Boosting - also known as autonomic dysreflexia - involves athletes with a spinal issue deliberately causing trauma to limbs below their injury.
Inflicting such an injury is painless but is designed to increase blood pressure, raise the heart rate and, consequently, enhance performance.
Boosting can occur naturally but a survey carried out by the International Paralympic Committee during the Beijing Games indicated that around 17 percent of those who responded had used boosting.
And some experts believe the real figure could be higher.
"We obviously don't encourage boosting in any way shape or form," said British Paralympic team chef de mission Craig Hunter.
"We have an educational programme in place to advise athletes about its dangers. And we also know it will be closely monitored during the Games."
So far 60 of the 300-strong British team have checked into the athletes' village in east London.
And Hunter reports the mood in his camp is upbeat with the success of Britain's Olympic team raising expectations, just six days before the opening ceremony.

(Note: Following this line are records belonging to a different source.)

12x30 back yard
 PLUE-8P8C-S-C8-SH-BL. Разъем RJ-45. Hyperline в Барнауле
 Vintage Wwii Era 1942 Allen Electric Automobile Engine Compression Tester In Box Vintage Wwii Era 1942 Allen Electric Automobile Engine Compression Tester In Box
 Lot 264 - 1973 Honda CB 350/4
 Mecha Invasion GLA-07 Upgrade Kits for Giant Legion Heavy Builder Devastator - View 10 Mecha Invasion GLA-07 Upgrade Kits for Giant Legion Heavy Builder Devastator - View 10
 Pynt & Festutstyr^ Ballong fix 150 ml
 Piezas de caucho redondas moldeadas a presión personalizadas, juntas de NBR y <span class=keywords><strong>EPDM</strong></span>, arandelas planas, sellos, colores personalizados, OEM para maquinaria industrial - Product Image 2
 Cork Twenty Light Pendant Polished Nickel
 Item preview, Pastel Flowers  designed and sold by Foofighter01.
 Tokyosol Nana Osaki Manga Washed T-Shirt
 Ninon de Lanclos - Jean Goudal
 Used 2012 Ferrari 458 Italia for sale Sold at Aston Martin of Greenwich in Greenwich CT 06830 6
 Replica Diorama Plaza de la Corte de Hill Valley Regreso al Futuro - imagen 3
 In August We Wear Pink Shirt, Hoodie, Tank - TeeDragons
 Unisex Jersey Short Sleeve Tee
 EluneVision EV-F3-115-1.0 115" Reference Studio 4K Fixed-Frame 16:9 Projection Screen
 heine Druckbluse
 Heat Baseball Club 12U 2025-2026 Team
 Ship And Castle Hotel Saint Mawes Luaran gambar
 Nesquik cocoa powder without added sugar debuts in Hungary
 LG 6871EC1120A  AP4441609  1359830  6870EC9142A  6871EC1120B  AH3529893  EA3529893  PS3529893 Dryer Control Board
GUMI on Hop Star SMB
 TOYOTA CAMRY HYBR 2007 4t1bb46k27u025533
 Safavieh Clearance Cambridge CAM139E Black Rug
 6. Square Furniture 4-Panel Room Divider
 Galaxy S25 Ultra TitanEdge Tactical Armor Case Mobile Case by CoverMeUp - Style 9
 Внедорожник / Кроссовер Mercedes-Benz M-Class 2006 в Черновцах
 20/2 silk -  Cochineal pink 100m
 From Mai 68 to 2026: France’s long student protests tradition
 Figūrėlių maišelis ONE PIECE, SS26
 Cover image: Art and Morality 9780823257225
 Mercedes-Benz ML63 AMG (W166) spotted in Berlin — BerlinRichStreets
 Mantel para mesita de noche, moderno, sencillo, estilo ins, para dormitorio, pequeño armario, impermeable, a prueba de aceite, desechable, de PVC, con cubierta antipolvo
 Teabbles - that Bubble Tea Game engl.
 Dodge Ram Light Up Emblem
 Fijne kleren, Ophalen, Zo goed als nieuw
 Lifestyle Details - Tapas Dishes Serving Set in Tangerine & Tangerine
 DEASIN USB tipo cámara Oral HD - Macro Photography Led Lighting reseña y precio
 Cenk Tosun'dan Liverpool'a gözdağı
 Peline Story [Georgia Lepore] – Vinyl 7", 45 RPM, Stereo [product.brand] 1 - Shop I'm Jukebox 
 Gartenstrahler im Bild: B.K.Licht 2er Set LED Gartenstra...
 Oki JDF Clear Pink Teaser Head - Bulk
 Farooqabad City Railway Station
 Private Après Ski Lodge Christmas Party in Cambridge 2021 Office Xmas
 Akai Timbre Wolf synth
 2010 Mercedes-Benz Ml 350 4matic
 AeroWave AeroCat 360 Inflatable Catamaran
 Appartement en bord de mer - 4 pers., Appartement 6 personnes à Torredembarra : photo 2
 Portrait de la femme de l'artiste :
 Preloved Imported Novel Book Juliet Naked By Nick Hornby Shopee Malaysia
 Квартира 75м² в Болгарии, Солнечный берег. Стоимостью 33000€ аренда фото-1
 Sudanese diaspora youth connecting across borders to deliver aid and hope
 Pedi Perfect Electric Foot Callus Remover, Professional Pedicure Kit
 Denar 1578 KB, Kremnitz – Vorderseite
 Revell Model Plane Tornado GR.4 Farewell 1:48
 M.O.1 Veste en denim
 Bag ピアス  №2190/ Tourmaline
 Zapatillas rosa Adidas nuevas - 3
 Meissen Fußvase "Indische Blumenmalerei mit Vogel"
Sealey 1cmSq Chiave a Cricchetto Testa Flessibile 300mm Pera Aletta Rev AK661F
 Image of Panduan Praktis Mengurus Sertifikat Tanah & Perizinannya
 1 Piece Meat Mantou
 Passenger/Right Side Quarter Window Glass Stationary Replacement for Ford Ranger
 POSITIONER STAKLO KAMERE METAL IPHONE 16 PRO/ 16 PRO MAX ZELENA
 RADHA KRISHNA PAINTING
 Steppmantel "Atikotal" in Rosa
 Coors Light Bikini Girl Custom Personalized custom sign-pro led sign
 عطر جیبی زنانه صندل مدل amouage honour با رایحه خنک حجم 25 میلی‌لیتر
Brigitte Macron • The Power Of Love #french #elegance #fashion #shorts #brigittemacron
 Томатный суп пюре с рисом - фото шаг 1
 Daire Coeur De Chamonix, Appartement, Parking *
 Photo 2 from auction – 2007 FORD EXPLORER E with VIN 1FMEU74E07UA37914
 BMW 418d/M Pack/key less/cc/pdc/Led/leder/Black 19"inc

"We are using Olympic success as an inspiration," he said.
"The ability for athletes to use the performances and inspirational moments of Team GB has been quite key to our preparations.
"The athletes want to contribute to that success. The Olympians have done their part and the Paralympians want to make sure they add their medals."
UK Sport has spent £49 million funding the Paralympic team and has demanded a return of 103 medals from 12 sports, plus a second place on the medal table, for that investment.
"We're comfortable with their target," added Hunter. "It will be tough because, as we saw at the Olympics, there are more and more emerging nations.
"It will be a hugely competitive Games. Everyone wants a medal around their necks but the opportunities are there for every athlete in our team to aspire to the podium."